EXERCISE REQUIREMENTS: Retype each record below word for word. Leave the pictures out.

INPUT FOR THIS TASK:
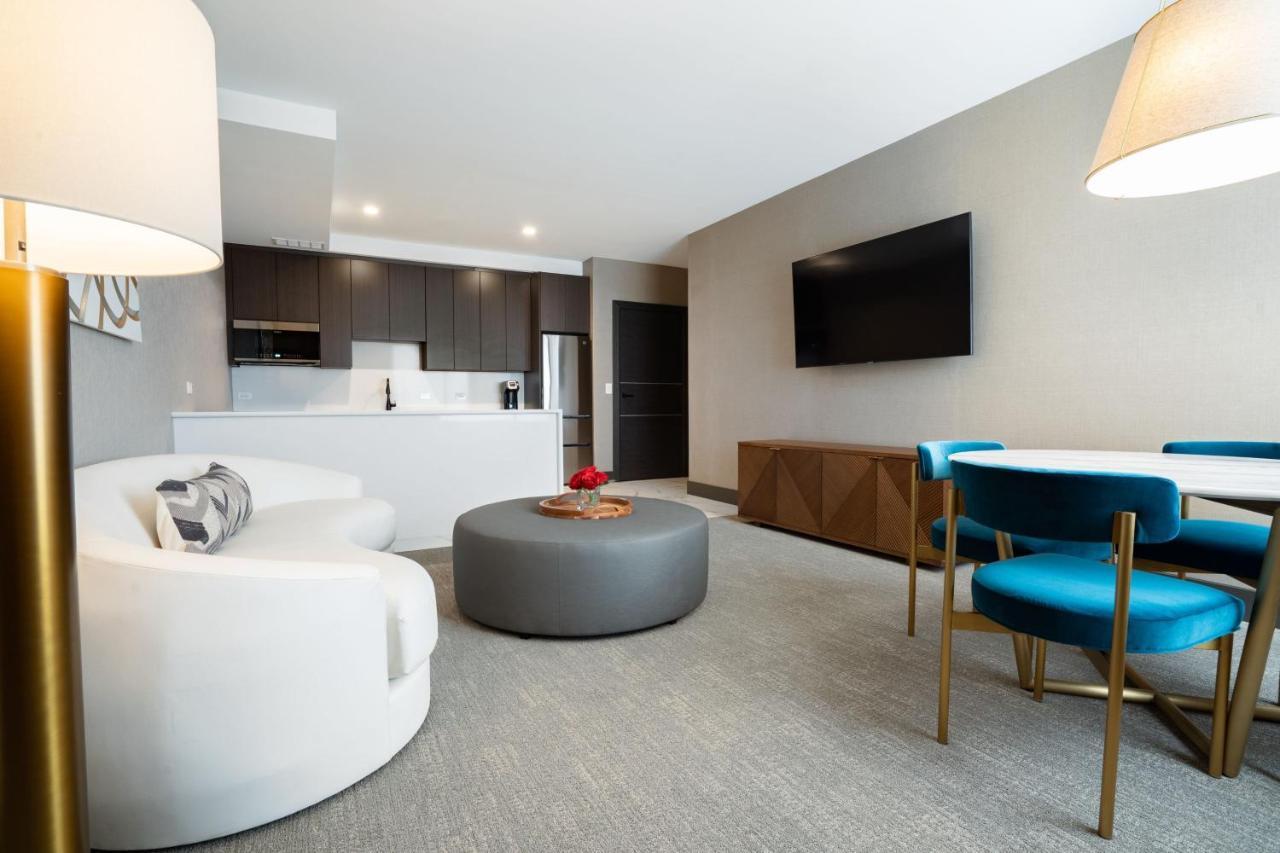 Springhill Suites By Marriott Chicago Chinatown Экстерьер фото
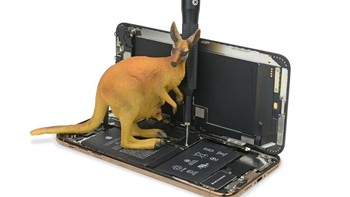 Memisahkan komponen utama dan layar. Foto: Sina Mobile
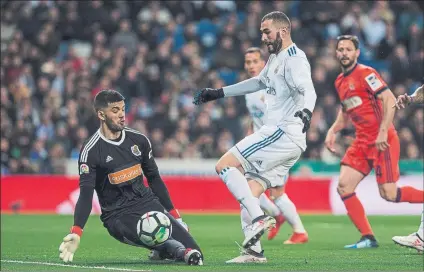  ??  ?? Karim Benzema falló todas sus ocasiones y terminó el partido escuchando de nuevo los silbidos de ‘su’ parroquia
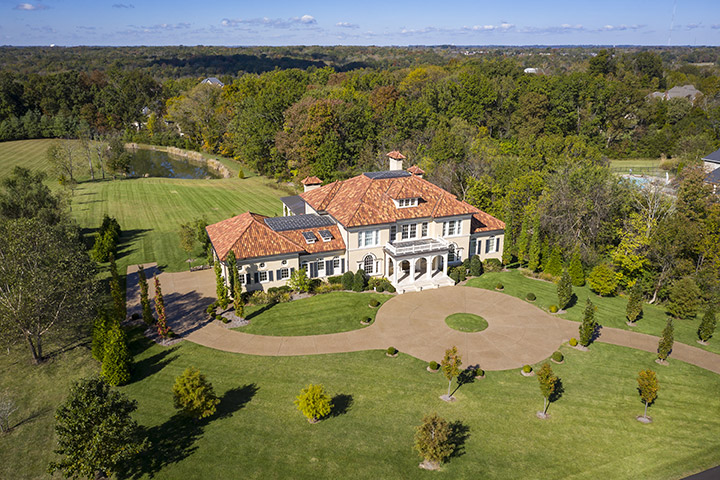 Mediterranean Villa — photograph 4 of 21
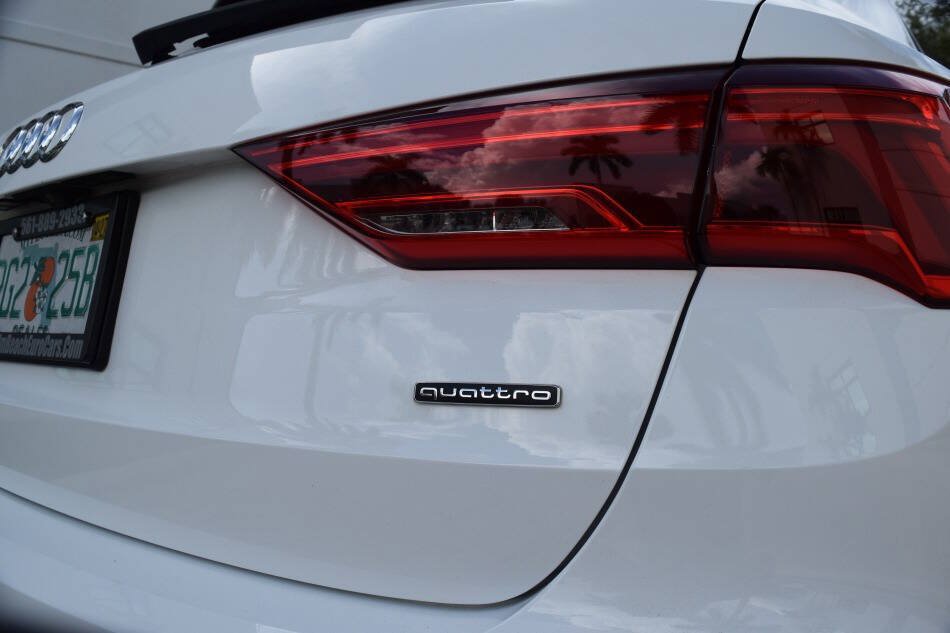 Used 2020 Audi Q3 2.0T Premium w/ Convenience Package AWD/4WD image 22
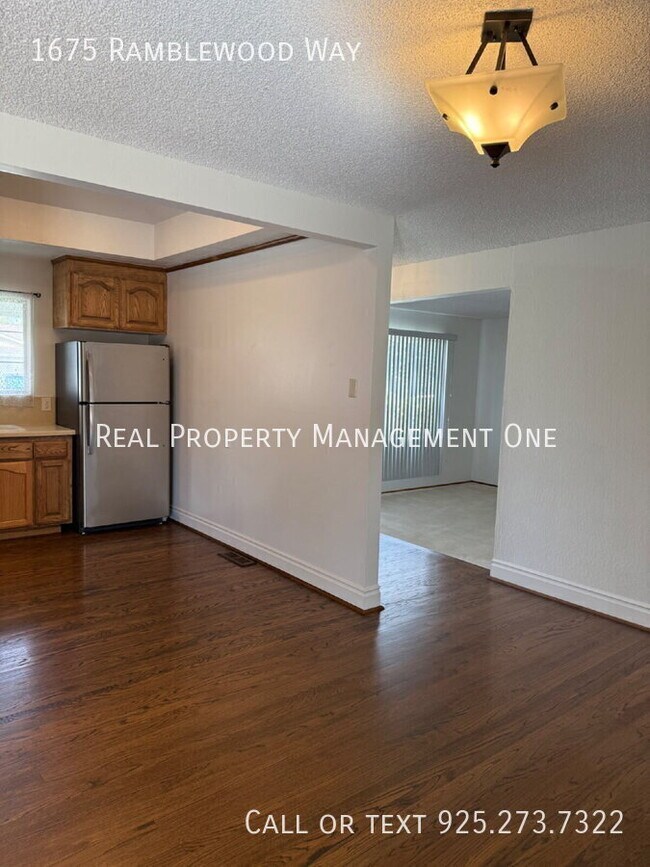 Building Photo - 1675 Ramblewood Way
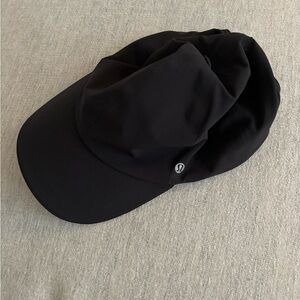 NWOT - Lululemon Black Hat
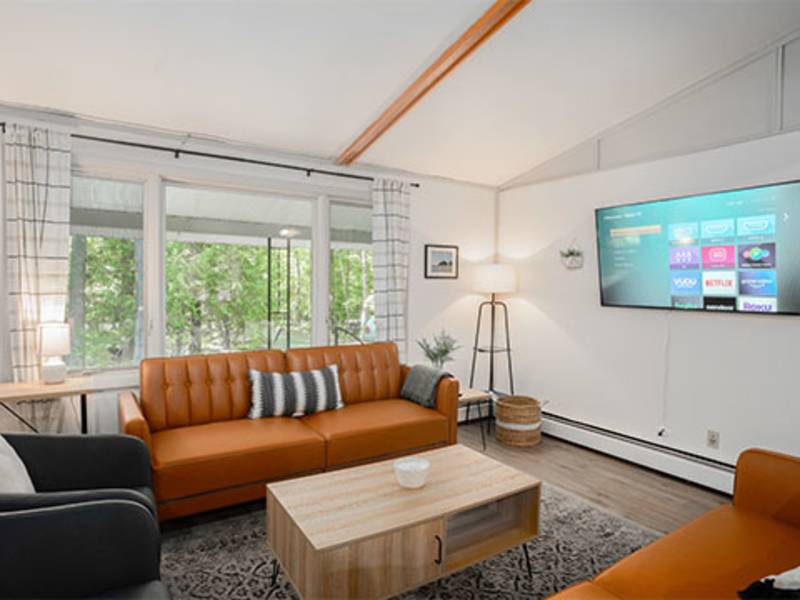 Find Lodging in Door County Bay Shore Cabin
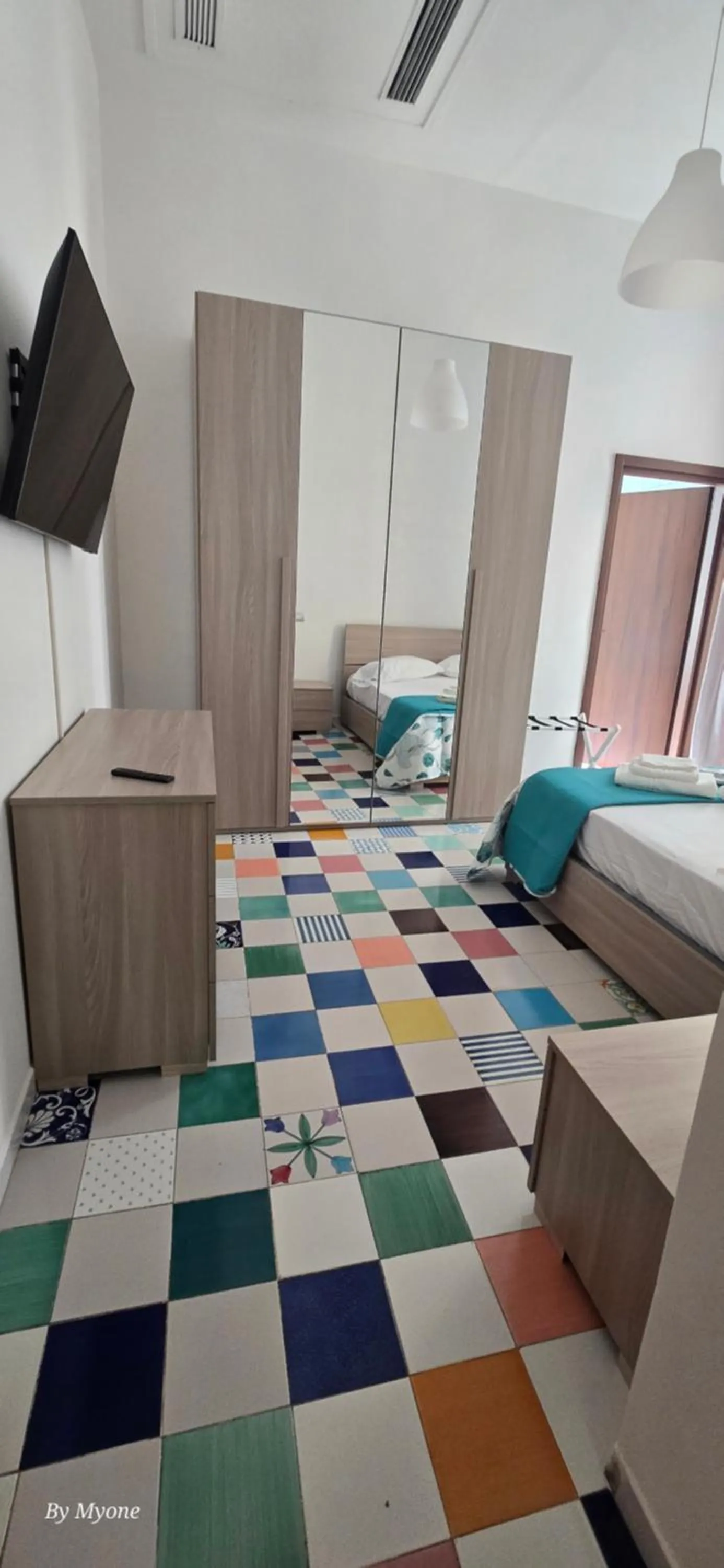 Bed in Appartamenti La Dimora di Parthenope Centro Storico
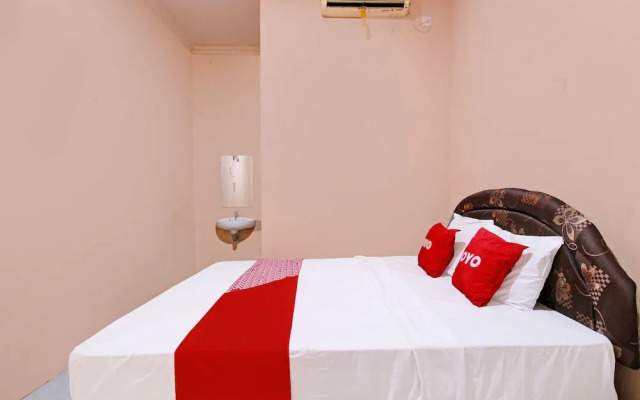 OYO 92459 Cahyo Kost 2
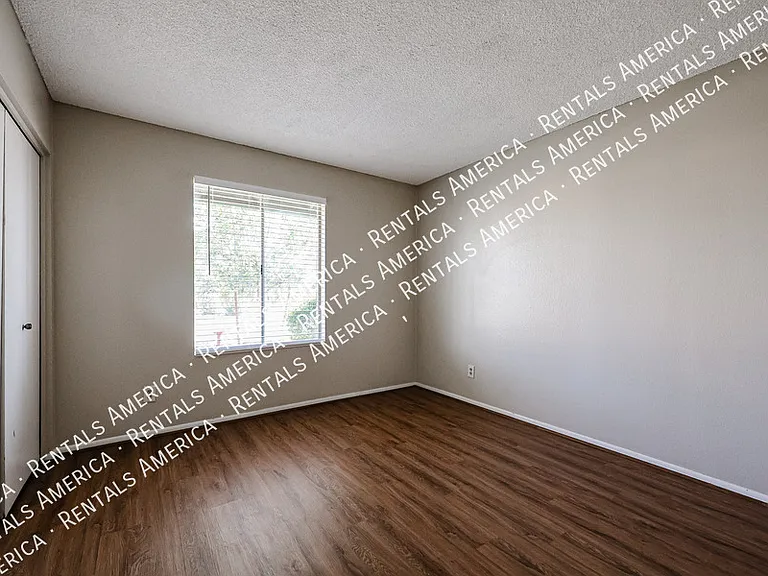 2466 W Onza Ave — Photo 29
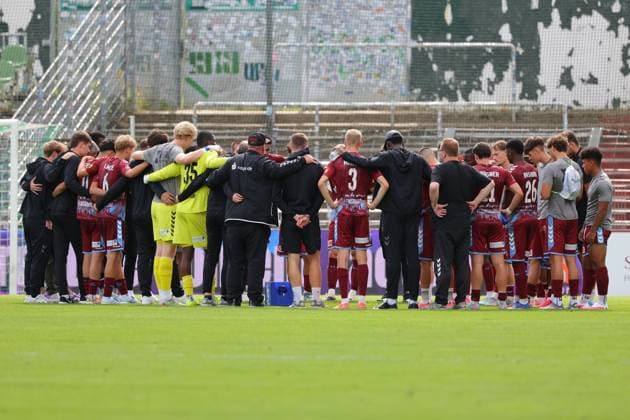 01.08.26, GER, Regionalliga Nord, Fussball, 1. Spieltag, Saison 2026 2027, Dietmar-Scholze-Stadion an der Lohmuehle, VfB Luebeck vs SC Weiche Flensburg Spielende Endstand 1:1. Schlusskreis SC Weiche Flensburg 08 Foto nordphoto GmbH Tauchnitz Luebeck Dietmar-Scholze-Stadion an der Lohmuehle SH Germany Copyright: xnordphotoxGmbHx xTauchnitzx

TASK ANSWER:
 Springhill Suites By Marriott Chicago Chinatown Экстерьер фото
 Memisahkan komponen utama dan layar. Foto: Sina Mobile
  ??  ?? Karim Benzema falló todas sus ocasiones y terminó el partido escuchando de nuevo los silbidos de ‘su’ parroquia
 Mediterranean Villa — photograph 4 of 21
 Used 2020 Audi Q3 2.0T Premium w/ Convenience Package AWD/4WD image 22
 Building Photo - 1675 Ramblewood Way
 NWOT - Lululemon Black Hat
 Find Lodging in Door County Bay Shore Cabin
 Bed in Appartamenti La Dimora di Parthenope Centro Storico
 OYO 92459 Cahyo Kost 2
 2466 W Onza Ave — Photo 29
 01.08.26, GER, Regionalliga Nord, Fussball, 1. Spieltag, Saison 2026 2027, Dietmar-Scholze-Stadion an der Lohmuehle, VfB Luebeck vs SC Weiche Flensburg Spielende Endstand 1:1. Schlusskreis SC Weiche Flensburg 08 Foto nordphoto GmbH Tauchnitz Luebeck Dietmar-Scholze-Stadion an der Lohmuehle SH Germany Copyright: xnordphotoxGmbHx xTauchnitzx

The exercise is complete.